What needs to be done: Every entry is to be printed again precisely as given.

Recorded data:
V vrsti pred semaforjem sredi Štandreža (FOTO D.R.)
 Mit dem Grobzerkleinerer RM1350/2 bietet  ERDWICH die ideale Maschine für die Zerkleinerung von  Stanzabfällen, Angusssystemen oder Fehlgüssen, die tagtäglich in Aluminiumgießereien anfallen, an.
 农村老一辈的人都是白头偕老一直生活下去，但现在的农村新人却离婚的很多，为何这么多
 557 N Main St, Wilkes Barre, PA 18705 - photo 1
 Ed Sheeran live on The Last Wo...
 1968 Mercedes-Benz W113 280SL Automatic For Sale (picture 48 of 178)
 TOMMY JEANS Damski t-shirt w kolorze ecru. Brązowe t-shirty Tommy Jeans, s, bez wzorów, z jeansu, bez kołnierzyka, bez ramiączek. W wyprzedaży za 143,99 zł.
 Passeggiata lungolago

Solution to this exercise:
V vrsti pred semaforjem sredi Štandreža (FOTO D.R.)
 Mit dem Grobzerkleinerer RM1350/2 bietet  ERDWICH die ideale Maschine für die Zerkleinerung von  Stanzabfällen, Angusssystemen oder Fehlgüssen, die tagtäglich in Aluminiumgießereien anfallen, an.
 农村老一辈的人都是白头偕老一直生活下去，但现在的农村新人却离婚的很多，为何这么多
 557 N Main St, Wilkes Barre, PA 18705 - photo 1
 Ed Sheeran live on The Last Wo...
 1968 Mercedes-Benz W113 280SL Automatic For Sale (picture 48 of 178)
 TOMMY JEANS Damski t-shirt w kolorze ecru. Brązowe t-shirty Tommy Jeans, s, bez wzorów, z jeansu, bez kołnierzyka, bez ramiączek. W wyprzedaży za 143,99 zł.
 Passeggiata lungolago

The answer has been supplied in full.